EXERCISE DATA START

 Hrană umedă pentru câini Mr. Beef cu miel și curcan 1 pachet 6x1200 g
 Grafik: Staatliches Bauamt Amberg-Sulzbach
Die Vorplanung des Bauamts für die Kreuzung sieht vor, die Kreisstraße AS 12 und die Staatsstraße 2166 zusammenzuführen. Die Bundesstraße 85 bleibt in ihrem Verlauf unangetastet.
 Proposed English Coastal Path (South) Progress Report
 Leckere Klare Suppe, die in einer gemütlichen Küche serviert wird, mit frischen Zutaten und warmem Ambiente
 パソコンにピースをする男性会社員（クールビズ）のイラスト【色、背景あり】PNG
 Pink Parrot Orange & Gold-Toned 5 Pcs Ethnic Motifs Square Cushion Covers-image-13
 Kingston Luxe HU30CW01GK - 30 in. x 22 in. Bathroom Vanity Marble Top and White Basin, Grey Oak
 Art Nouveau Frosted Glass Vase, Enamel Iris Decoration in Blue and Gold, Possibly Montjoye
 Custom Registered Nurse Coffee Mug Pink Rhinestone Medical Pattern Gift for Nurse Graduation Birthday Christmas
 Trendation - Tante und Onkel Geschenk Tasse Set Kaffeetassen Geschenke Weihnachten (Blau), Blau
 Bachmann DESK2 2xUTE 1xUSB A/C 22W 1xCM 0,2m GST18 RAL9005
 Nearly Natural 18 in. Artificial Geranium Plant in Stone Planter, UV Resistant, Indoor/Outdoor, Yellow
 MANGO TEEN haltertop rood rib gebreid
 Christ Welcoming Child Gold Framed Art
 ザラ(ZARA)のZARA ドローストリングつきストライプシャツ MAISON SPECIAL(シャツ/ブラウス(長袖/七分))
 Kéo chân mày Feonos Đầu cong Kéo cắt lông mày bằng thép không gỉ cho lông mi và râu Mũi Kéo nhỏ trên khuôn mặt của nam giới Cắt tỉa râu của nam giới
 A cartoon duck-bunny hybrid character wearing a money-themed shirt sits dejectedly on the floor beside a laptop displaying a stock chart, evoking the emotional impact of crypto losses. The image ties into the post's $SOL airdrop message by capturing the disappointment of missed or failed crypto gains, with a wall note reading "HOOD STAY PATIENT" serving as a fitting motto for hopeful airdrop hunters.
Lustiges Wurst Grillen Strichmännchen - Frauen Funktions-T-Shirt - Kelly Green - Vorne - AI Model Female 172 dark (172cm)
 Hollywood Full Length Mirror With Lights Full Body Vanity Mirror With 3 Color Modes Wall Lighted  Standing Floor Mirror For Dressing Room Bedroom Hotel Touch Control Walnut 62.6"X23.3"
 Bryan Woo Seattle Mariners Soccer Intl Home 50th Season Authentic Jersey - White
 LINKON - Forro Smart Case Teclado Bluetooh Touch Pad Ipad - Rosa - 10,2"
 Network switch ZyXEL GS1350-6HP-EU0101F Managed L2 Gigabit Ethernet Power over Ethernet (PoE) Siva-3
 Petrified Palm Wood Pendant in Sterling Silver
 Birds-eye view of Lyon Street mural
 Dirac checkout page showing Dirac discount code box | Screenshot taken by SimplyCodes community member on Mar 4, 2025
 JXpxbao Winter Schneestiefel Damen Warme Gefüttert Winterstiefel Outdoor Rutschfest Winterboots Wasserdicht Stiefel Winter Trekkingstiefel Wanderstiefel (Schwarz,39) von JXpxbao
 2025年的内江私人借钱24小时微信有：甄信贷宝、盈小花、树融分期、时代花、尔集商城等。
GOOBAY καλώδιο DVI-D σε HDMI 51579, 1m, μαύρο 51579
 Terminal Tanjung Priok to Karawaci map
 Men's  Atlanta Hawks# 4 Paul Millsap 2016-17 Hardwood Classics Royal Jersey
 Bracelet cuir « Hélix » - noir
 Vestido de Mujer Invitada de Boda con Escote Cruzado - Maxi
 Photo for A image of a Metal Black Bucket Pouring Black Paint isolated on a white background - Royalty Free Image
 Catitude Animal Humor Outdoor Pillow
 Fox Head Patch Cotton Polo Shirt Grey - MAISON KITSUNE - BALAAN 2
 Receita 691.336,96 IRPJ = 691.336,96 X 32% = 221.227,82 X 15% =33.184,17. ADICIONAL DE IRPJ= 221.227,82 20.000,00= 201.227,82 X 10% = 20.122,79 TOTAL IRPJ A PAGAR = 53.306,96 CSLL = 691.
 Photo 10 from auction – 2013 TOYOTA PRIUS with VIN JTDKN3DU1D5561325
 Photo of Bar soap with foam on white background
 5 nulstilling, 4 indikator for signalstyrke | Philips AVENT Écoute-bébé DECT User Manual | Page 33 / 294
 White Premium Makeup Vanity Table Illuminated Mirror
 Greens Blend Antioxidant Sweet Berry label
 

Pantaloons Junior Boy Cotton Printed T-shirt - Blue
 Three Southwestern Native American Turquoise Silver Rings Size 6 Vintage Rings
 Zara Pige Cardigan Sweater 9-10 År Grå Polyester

EXERCISE DATA END

> _ACTION ITEM_: Every record must be output again with its wording unchanged.

> _ANSWER TO THIS PROBLEM_:
 Hrană umedă pentru câini Mr. Beef cu miel și curcan 1 pachet 6x1200 g
 Grafik: Staatliches Bauamt Amberg-Sulzbach
Die Vorplanung des Bauamts für die Kreuzung sieht vor, die Kreisstraße AS 12 und die Staatsstraße 2166 zusammenzuführen. Die Bundesstraße 85 bleibt in ihrem Verlauf unangetastet.
 Proposed English Coastal Path (South) Progress Report
 Leckere Klare Suppe, die in einer gemütlichen Küche serviert wird, mit frischen Zutaten und warmem Ambiente
 パソコンにピースをする男性会社員（クールビズ）のイラスト【色、背景あり】PNG
 Pink Parrot Orange & Gold-Toned 5 Pcs Ethnic Motifs Square Cushion Covers-image-13
 Kingston Luxe HU30CW01GK - 30 in. x 22 in. Bathroom Vanity Marble Top and White Basin, Grey Oak
 Art Nouveau Frosted Glass Vase, Enamel Iris Decoration in Blue and Gold, Possibly Montjoye
 Custom Registered Nurse Coffee Mug Pink Rhinestone Medical Pattern Gift for Nurse Graduation Birthday Christmas
 Trendation - Tante und Onkel Geschenk Tasse Set Kaffeetassen Geschenke Weihnachten (Blau), Blau
 Bachmann DESK2 2xUTE 1xUSB A/C 22W 1xCM 0,2m GST18 RAL9005
 Nearly Natural 18 in. Artificial Geranium Plant in Stone Planter, UV Resistant, Indoor/Outdoor, Yellow
 MANGO TEEN haltertop rood rib gebreid
 Christ Welcoming Child Gold Framed Art
 ザラ(ZARA)のZARA ドローストリングつきストライプシャツ MAISON SPECIAL(シャツ/ブラウス(長袖/七分))
 Kéo chân mày Feonos Đầu cong Kéo cắt lông mày bằng thép không gỉ cho lông mi và râu Mũi Kéo nhỏ trên khuôn mặt của nam giới Cắt tỉa râu của nam giới
 A cartoon duck-bunny hybrid character wearing a money-themed shirt sits dejectedly on the floor beside a laptop displaying a stock chart, evoking the emotional impact of crypto losses. The image ties into the post's $SOL airdrop message by capturing the disappointment of missed or failed crypto gains, with a wall note reading "HOOD STAY PATIENT" serving as a fitting motto for hopeful airdrop hunters.
Lustiges Wurst Grillen Strichmännchen - Frauen Funktions-T-Shirt - Kelly Green - Vorne - AI Model Female 172 dark (172cm)
 Hollywood Full Length Mirror With Lights Full Body Vanity Mirror With 3 Color Modes Wall Lighted  Standing Floor Mirror For Dressing Room Bedroom Hotel Touch Control Walnut 62.6"X23.3"
 Bryan Woo Seattle Mariners Soccer Intl Home 50th Season Authentic Jersey - White
 LINKON - Forro Smart Case Teclado Bluetooh Touch Pad Ipad - Rosa - 10,2"
 Network switch ZyXEL GS1350-6HP-EU0101F Managed L2 Gigabit Ethernet Power over Ethernet (PoE) Siva-3
 Petrified Palm Wood Pendant in Sterling Silver
 Birds-eye view of Lyon Street mural
 Dirac checkout page showing Dirac discount code box | Screenshot taken by SimplyCodes community member on Mar 4, 2025
 JXpxbao Winter Schneestiefel Damen Warme Gefüttert Winterstiefel Outdoor Rutschfest Winterboots Wasserdicht Stiefel Winter Trekkingstiefel Wanderstiefel (Schwarz,39) von JXpxbao
 2025年的内江私人借钱24小时微信有：甄信贷宝、盈小花、树融分期、时代花、尔集商城等。
GOOBAY καλώδιο DVI-D σε HDMI 51579, 1m, μαύρο 51579
 Terminal Tanjung Priok to Karawaci map
 Men's  Atlanta Hawks# 4 Paul Millsap 2016-17 Hardwood Classics Royal Jersey
 Bracelet cuir « Hélix » - noir
 Vestido de Mujer Invitada de Boda con Escote Cruzado - Maxi
 Photo for A image of a Metal Black Bucket Pouring Black Paint isolated on a white background - Royalty Free Image
 Catitude Animal Humor Outdoor Pillow
 Fox Head Patch Cotton Polo Shirt Grey - MAISON KITSUNE - BALAAN 2
 Receita 691.336,96 IRPJ = 691.336,96 X 32% = 221.227,82 X 15% =33.184,17. ADICIONAL DE IRPJ= 221.227,82 20.000,00= 201.227,82 X 10% = 20.122,79 TOTAL IRPJ A PAGAR = 53.306,96 CSLL = 691.
 Photo 10 from auction – 2013 TOYOTA PRIUS with VIN JTDKN3DU1D5561325
 Photo of Bar soap with foam on white background
 5 nulstilling, 4 indikator for signalstyrke | Philips AVENT Écoute-bébé DECT User Manual | Page 33 / 294
 White Premium Makeup Vanity Table Illuminated Mirror
 Greens Blend Antioxidant Sweet Berry label
 

Pantaloons Junior Boy Cotton Printed T-shirt - Blue
 Three Southwestern Native American Turquoise Silver Rings Size 6 Vintage Rings
 Zara Pige Cardigan Sweater 9-10 År Grå Polyester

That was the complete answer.